### Record extracts
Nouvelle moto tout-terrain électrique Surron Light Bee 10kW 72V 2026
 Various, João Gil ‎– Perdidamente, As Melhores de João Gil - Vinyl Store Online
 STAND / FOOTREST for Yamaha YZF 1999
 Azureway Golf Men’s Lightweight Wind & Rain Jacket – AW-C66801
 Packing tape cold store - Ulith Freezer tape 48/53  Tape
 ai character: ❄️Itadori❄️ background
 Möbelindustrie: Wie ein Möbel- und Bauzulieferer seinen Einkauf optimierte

### Task to carry out
Everything in the material above should be output exactly.

### Answer to this problem
Nouvelle moto tout-terrain électrique Surron Light Bee 10kW 72V 2026
 Various, João Gil ‎– Perdidamente, As Melhores de João Gil - Vinyl Store Online
 STAND / FOOTREST for Yamaha YZF 1999
 Azureway Golf Men’s Lightweight Wind & Rain Jacket – AW-C66801
 Packing tape cold store - Ulith Freezer tape 48/53  Tape
 ai character: ❄️Itadori❄️ background
 Möbelindustrie: Wie ein Möbel- und Bauzulieferer seinen Einkauf optimierte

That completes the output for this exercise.